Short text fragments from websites
=== Section Start ===
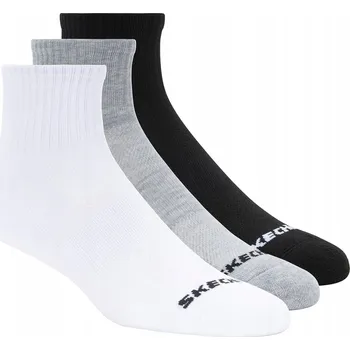 Pánské ponožky Ponožky Skechers Ponožky Qtr Crew, bílé Skechers 43-46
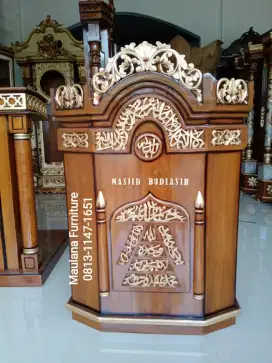 Mimbar masjid podium presiden Ready COD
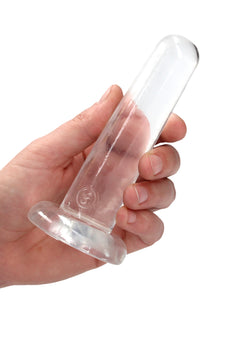 RealRock Dildo 13,50cm Klar - Crystal Clear Einsteiger
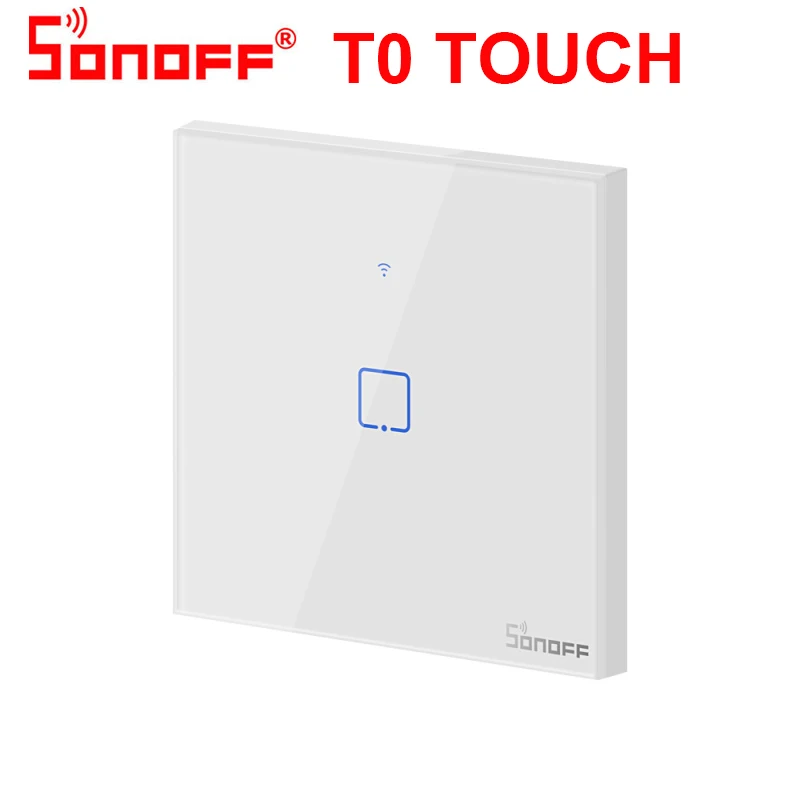 Sonoff T1/T0 сенсорный Wi-Fi настенный ЕС переключатель беспроводной дистанционный светильник реле приложение управление Wifi умный переключатель работа с Google Home Alexa - Комплект: sonoff touch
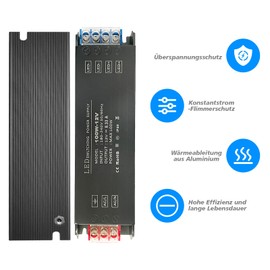 LED Transformer 12 V 100 W, 240 V to 12 V LED Driver Power Supply, Power Supply, LED Driver No Noise, No LED Flicker, Low Voltage LED Transformer for LED Lighting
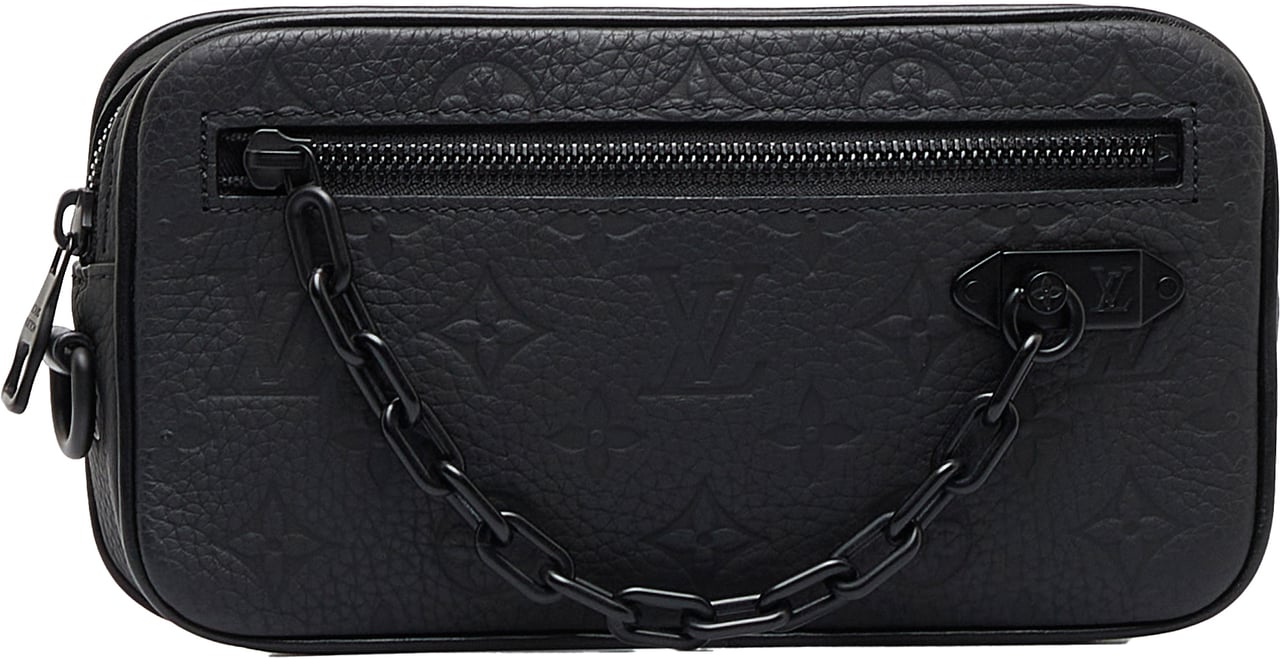 Louis Vuitton Monogram Taurillon Pochette Volga Grijs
=== Section End ===
- _Exercise instructions_:
In the records above, the lines from the one containing "Sonoff T1/T0 сенсорный" through the last line are to be written out exactly, both ends included and pictures omitted.

- _Answer below_:
 Sonoff T1/T0 сенсорный Wi-Fi настенный ЕС переключатель беспроводной дистанционный светильник реле приложение управление Wifi умный переключатель работа с Google Home Alexa - Комплект: sonoff touch
 LED Transformer 12 V 100 W, 240 V to 12 V LED Driver Power Supply, Power Supply, LED Driver No Noise, No LED Flicker, Low Voltage LED Transformer for LED Lighting
 Louis Vuitton Monogram Taurillon Pochette Volga Grijs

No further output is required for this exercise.